• [Task instructions]: The copy must run from the line containing "Frudia My Orchard" through the final line of the records, both included, exactly as written. It should contain no pictures.
____________
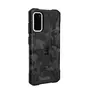 Чехол для моб. телефона Uag Galaxy S20 Pathfinder Camo, Midnight (211977114061) - 1
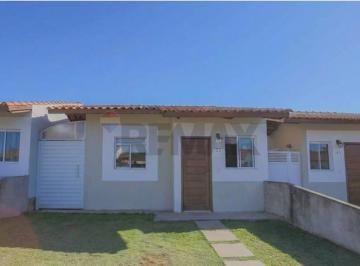 Casa · 48m² · 2 Quartos · 2 Vagas · Casa de Condomínio para venda em Jardim Tropical de 48.39m² com 2 Quartos e 2 Garagens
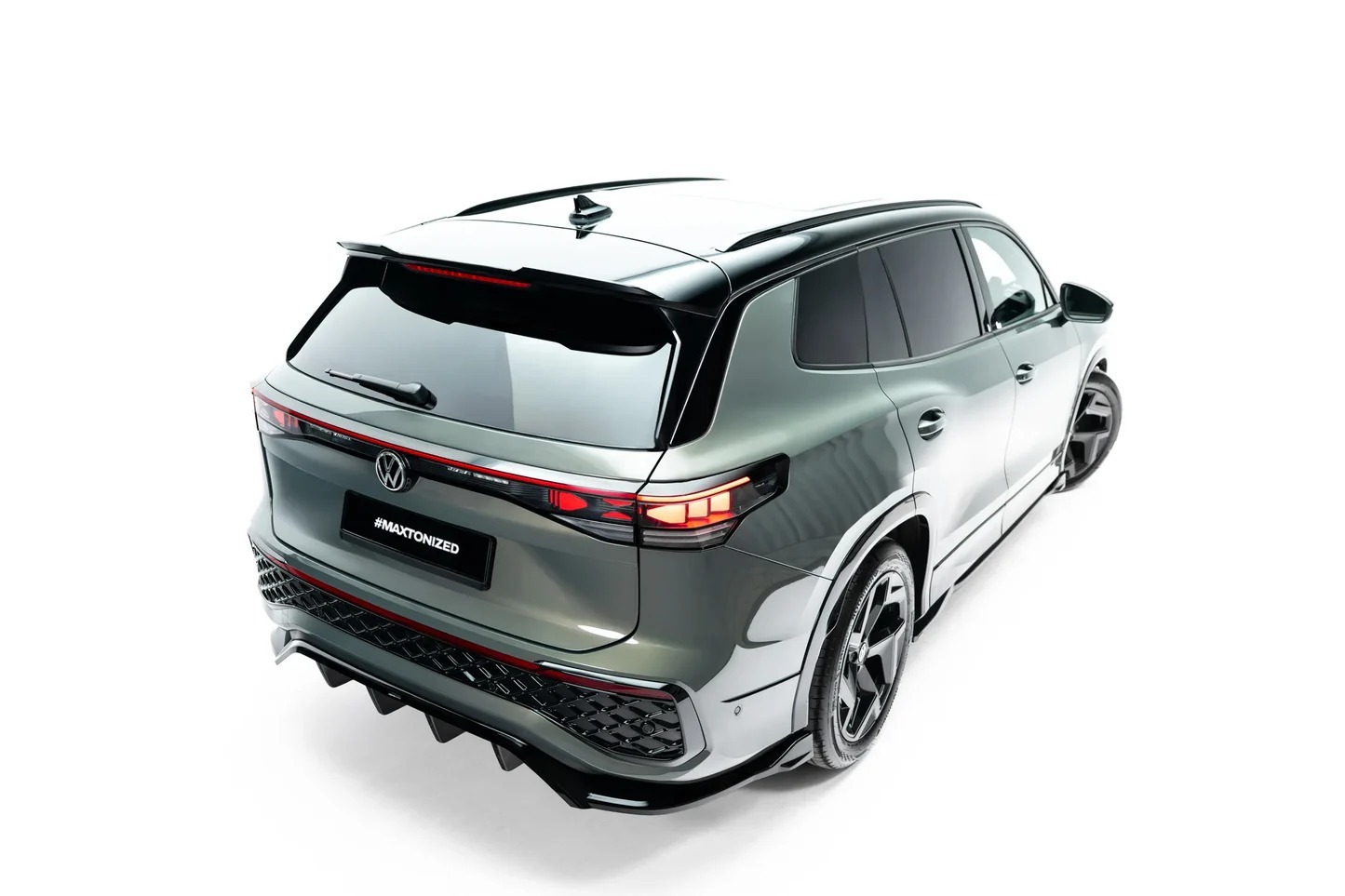 VW TAY 1 RLINE CAP1 G
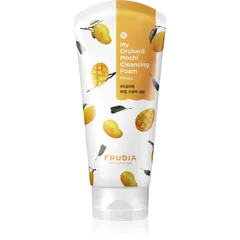 Frudia My Orchard Mango Tiefenreinigungsschaum für fettige Haut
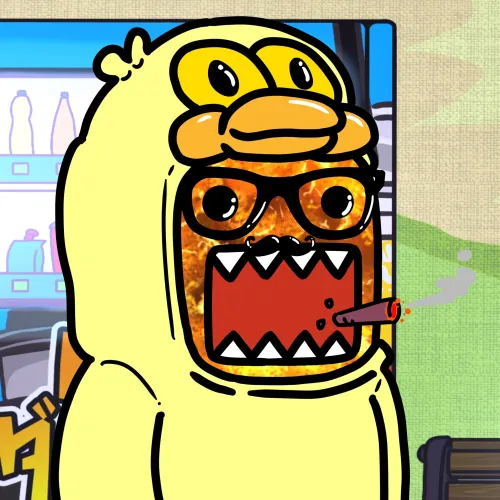 DOMO #467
____________
• [Answer space]:
 Frudia My Orchard Mango Tiefenreinigungsschaum für fettige Haut
 DOMO #467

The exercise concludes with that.